Start of DATA SEGMENT

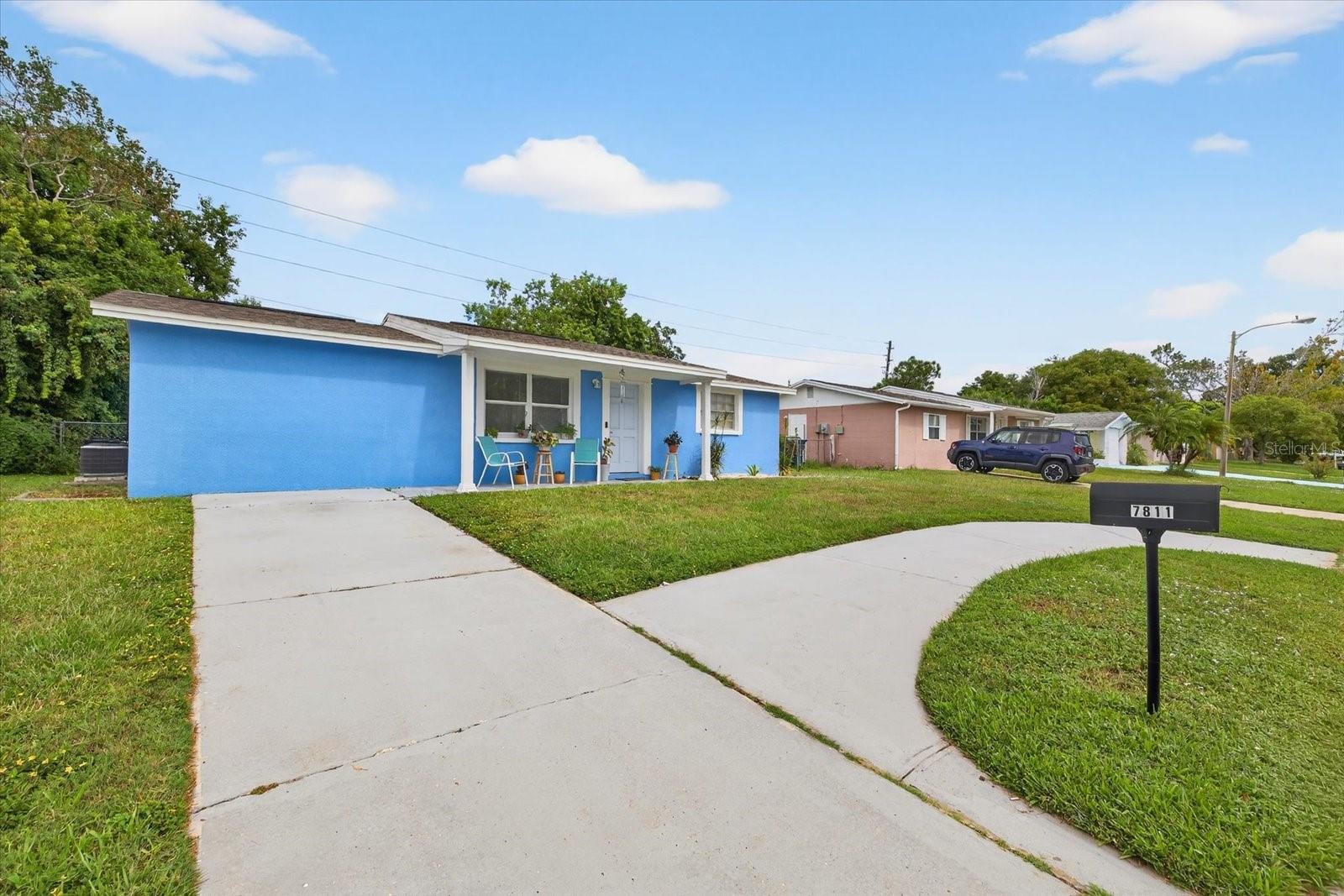 7811 FOX HOLLOW DR Property Photo 1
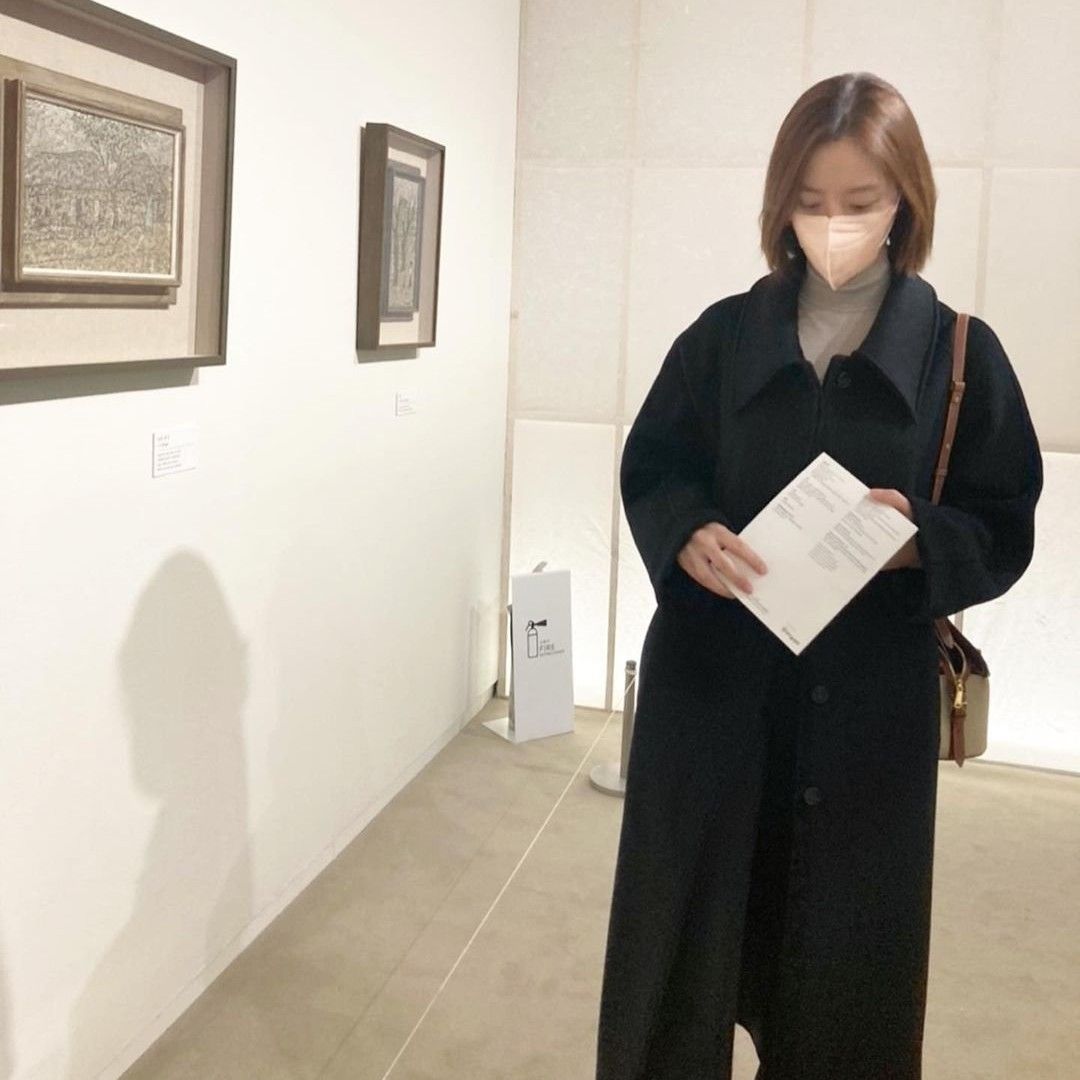 Behind-the-scenes cut of Moon Chaewon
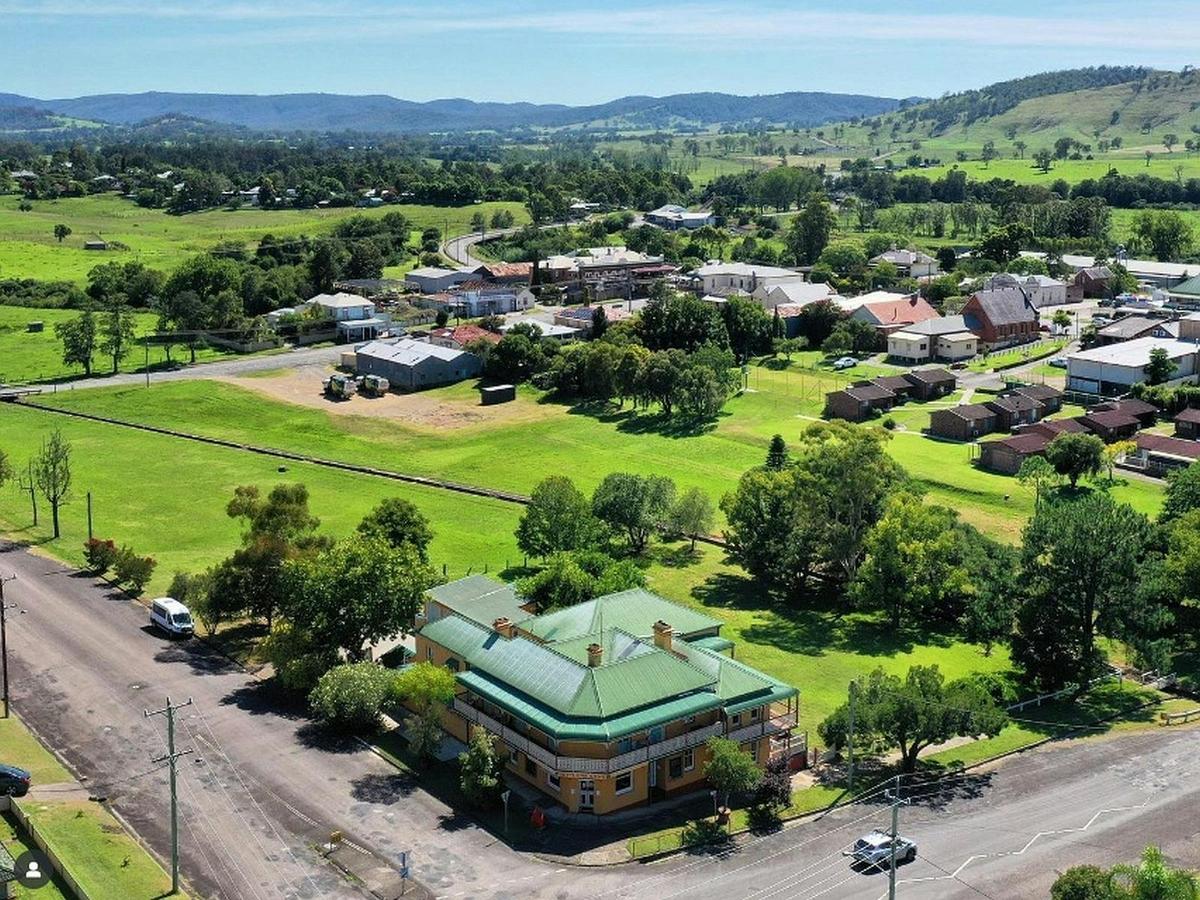 Settlers Arms Hotel Dungog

End of DATA SEGMENT

Would you output the listing above verbatim, without its pictures?

[RESULT]
 7811 FOX HOLLOW DR Property Photo 1
 Behind-the-scenes cut of Moon Chaewon
 Settlers Arms Hotel Dungog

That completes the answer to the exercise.